It’s the easiest performance upgrade you can buy, yet also one of the least utilised.
No suspension upgrade, power increase or tyre choice will give as great a gain, for as little outlay, as improving the thing between the seat and the steering wheel.
My first track day was at Hobart’s Baskerville Raceway. Over-imbued with confidence like most 18-year-old males, my cockiness lasted two corners, at which point it became clear I was well out of my depth. My first proper lap was a 1:22, which fell to 1:17 by day’s end.
Over the coming months, with some practice and tuition, that fell to 1:13. Without a single car tweak, that’s a nine-second-a-lap gain. Still, that was many years ago now, so on the basis that you never stop learning, it’s time to go back to school.
Porsche was one of the first manufacturers to open its own driving school, holding its first event at Hockenheim in 1974. The Australian arm opened 20 years later at Mount Cotton in Queensland – a facility it calls home to this day.
More than 70 courses will run in 2015, ranging from the $1397 Level 1 course, where attendees can sample the entire Porsche range, right up to the $6500 Level 5 course, which includes your own 991 Cup car and race engineer.
One step down is the ‘Master’ course; it’s exactly the same except the Cup car is replaced with the slightly more accessible 991 GT3 road car.
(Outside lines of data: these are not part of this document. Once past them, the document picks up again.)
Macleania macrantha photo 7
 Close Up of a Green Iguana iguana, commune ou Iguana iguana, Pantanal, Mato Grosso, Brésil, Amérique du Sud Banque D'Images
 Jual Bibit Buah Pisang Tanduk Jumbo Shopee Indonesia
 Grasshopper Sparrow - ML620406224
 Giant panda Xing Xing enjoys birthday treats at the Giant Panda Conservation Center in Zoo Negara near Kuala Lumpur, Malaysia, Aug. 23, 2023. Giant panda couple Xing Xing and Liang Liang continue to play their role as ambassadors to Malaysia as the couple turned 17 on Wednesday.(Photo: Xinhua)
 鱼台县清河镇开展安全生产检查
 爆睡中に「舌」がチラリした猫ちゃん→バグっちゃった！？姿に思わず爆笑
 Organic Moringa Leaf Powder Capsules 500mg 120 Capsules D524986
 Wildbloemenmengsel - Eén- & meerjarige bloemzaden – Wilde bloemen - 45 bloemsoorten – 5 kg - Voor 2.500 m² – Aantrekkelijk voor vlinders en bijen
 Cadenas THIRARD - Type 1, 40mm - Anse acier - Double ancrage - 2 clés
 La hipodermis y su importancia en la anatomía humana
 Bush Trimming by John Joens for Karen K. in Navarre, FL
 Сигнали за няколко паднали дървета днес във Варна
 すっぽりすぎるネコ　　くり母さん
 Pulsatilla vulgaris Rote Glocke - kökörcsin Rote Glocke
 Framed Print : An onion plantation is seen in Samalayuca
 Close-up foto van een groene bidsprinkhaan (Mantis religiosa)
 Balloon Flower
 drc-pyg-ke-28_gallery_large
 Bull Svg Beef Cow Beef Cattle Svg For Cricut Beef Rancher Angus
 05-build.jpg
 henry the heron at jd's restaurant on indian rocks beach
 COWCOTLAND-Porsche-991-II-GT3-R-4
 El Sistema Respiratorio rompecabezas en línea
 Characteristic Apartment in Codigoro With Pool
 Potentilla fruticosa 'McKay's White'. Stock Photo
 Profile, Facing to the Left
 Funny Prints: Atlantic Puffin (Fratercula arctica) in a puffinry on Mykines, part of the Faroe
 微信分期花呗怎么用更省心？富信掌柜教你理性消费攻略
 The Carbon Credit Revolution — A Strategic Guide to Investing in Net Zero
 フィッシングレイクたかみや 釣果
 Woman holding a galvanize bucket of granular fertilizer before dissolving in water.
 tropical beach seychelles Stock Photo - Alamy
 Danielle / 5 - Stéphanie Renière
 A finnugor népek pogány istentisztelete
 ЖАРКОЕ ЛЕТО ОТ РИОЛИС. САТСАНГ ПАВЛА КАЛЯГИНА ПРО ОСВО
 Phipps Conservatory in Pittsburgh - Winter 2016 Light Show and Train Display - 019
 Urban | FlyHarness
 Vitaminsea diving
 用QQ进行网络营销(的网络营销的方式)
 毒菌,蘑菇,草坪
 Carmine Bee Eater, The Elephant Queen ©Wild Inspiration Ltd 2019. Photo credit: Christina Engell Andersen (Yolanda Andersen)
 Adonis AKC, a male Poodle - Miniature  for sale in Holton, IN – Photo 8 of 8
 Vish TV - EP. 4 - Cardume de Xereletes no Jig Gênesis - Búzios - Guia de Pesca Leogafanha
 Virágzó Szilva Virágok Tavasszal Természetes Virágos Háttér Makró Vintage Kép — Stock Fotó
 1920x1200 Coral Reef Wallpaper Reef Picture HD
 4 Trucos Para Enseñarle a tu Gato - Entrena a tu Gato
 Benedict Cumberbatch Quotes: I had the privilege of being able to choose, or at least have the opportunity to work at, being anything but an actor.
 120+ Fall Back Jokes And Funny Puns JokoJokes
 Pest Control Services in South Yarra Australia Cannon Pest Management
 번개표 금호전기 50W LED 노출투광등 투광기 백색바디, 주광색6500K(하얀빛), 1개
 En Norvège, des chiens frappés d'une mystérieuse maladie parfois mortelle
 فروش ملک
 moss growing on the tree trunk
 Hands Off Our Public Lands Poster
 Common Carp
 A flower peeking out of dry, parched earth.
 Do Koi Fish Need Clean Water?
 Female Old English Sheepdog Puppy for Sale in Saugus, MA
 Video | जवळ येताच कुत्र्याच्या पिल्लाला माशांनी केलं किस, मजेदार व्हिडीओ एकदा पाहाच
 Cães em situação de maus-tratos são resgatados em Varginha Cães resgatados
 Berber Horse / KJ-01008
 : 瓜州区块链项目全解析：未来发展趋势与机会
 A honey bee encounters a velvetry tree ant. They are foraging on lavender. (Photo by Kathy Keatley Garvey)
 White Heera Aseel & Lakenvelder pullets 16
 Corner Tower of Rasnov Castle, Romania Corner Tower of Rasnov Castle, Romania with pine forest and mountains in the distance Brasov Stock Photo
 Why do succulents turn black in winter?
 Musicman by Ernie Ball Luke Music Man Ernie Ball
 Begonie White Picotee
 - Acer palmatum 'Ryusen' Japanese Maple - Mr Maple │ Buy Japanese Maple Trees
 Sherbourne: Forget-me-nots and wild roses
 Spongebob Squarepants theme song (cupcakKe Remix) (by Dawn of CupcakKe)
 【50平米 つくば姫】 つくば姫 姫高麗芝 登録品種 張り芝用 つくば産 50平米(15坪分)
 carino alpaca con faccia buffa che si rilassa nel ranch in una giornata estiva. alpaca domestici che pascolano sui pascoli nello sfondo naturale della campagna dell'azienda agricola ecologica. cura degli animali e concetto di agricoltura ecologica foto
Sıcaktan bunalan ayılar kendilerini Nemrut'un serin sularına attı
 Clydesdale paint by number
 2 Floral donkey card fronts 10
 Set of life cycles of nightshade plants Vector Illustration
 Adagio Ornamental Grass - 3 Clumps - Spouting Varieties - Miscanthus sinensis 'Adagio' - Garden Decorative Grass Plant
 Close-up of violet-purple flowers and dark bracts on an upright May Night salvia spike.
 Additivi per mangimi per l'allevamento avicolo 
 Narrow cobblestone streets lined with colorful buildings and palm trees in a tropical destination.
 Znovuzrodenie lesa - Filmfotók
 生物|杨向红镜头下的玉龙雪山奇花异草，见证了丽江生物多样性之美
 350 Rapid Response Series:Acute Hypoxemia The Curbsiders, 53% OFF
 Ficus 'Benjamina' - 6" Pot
This is the most popular course, booked out well over a year in advance. For your $3500 you receive a 991 GT3 to drive as hard as you like, a racetrack on which to drive it, and an instructor and race engineer to teach you how to drive it faster.
Yep, unlike some other schools, where OH&S can occasionally replace fun, Porsche’s Master course has only one goal: to make you faster. Before the fun begins, however, there is the inevitable classroom briefing. Remember when you were stuck in school on a nice day, how you were itching to get outside? It’s even worse when there’s a pair of new GT3s waiting in pitlane.
The classroom time is valuable, though, with a useful refresher on the basics delivered with directness and humour by Czech-born Aussie racer Tomas Mezera.
Best known for partnering Peter Brock at the Holden Racing Team in the mid-’90s, Mezera is an enormously accomplished driver, having won Bathurst, stood on the podium in the British Touring Car Championship and raced at Le Mans in a Porsche 962.
At this school, Mezera is unquestionably the headmaster and he expects respect and obedience from his pupils. Misbehave and it’s the naughty corner for you. Today his teaching roster features Craig Baird and MOTOR’s own Warren Luff – “ah-Bairdo and ah-Fluffy” in Mezera’s thick Czech accent – with Baird my assigned instructor.
Our first session is not behind the wheel of the new GT3 but five-up in a Cayenne as Baird demonstrates the correct lines and braking points of Queensland Raceway’s club circuit. It’s a short track with a mere six corners, but it’s quickly apparent that there are plenty of places to lose time around its technical layout.
Once in the driver’s seat, both groups are encouraged to start slowly to familiarise themselves with car and circuit – there’ll be plenty of time for hot laps later, though some students take more notice than others.
Immediately following the session the real fun begins – after each stint students sit down with a race engineer to dissect the telemetry and compare it to benchmark laps set by messrs Baird and Luffy.
I’m assigned Andy McElrea, who runs four cars in the Australian Carrera Cup championship, including Luffy’s. My best lap is a 68.1, almost 10 seconds off Bairdo’s benchmark. The slow time is not a surprise given the leisurely beginning. What is concerning is that mistakes are creeping in even at this speed.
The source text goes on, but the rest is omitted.